「ニューヨーク鎌倉会」代表幹事を務める 篠崎 晃さん 極楽寺出身 79歳
「故郷が結ぶ縁大切にしたい」
○…「人種のるつぼ」と呼ばれ、100以上の言語が飛び交う米・ニューヨークにこの夏、鎌倉をルーツとする人々からなる会が発足した。発起人として立ち上げに奔走し、9月15日には現地で初の集まりを開いた。「ほとんどの人は初対面だったのですが、住んでいた場所や卒業した学校、はたまた天ぷらだったらどの店が美味いかまで、とにかく話が尽きませんでした。このまちでこんなにローカルな話ができるなんて夢のよう」と微笑む。
○…極楽寺出身。大学卒業後に三井物産へ入社し、1964年にメキシコ、69年にNYへと赴任した。その後数年間、日本での勤務を経て80年に再びNYへ。日本に戻る話もあったが「子どもたちもなじんでいたから」とアメリカに留まることを決断した。現在は母校・上智大学の現地オフィス代表として、各地の兄弟校との提携事業や学生インターンシップのコーディネートなどに携わる。
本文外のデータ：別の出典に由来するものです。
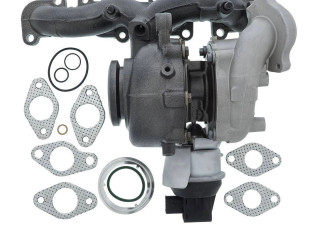 Турбина Volkswagen Golf VI 53039700208, 53039880169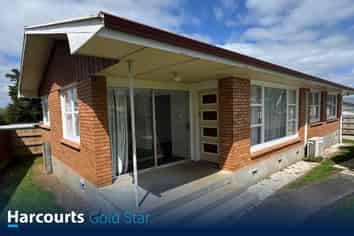 31 Andrews Street, Paeroa
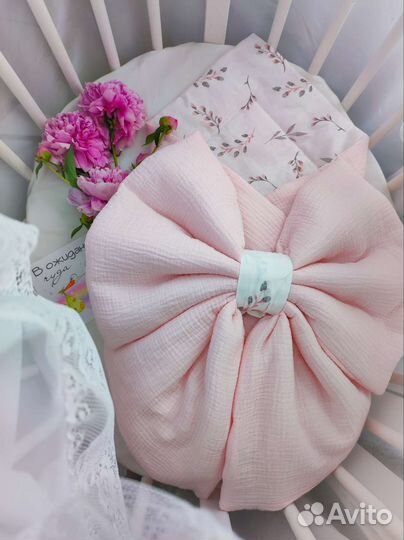 Конверт на выписку муслиновый новый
○…7月の初め、あるパーティーで50歳近くも年下の女性と出会い、年の差を超えて意気投合した。「不思議なことに彼女とは何か話し足りない気がした」と、くだんの女性、脇田玲子さんと後日改めて会うことに。すると互いに鎌倉出身、しかも国大附属小のOB・OGであることが分かった。「30年以上NYにいて、鎌倉の人と会ったのは初めて。驚くとともに、言葉にはできない懐かしい気持ちが胸に広がりました」。すぐに「鎌倉会」のアイデアが浮かび、脇田さんとともに地元紙やSNSを通じて参加を呼び掛けると、あっという間に30人が集まった。
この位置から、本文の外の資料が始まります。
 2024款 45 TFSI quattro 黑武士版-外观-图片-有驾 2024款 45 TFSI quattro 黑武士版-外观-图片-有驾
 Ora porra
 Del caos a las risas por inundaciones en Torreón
○…会では今後も年に数回の集まりを開く予定。「日本の常識はここでは非常識。大きなプレッシャーと闘っていると、ふと浮かぶのが故郷の風景であり、そこでの記憶なんです。今回それを共有できる人たちと出会えたことは本当にうれしい。この絆を大切にしていきたい」。そういうと満面の笑顔を見せた。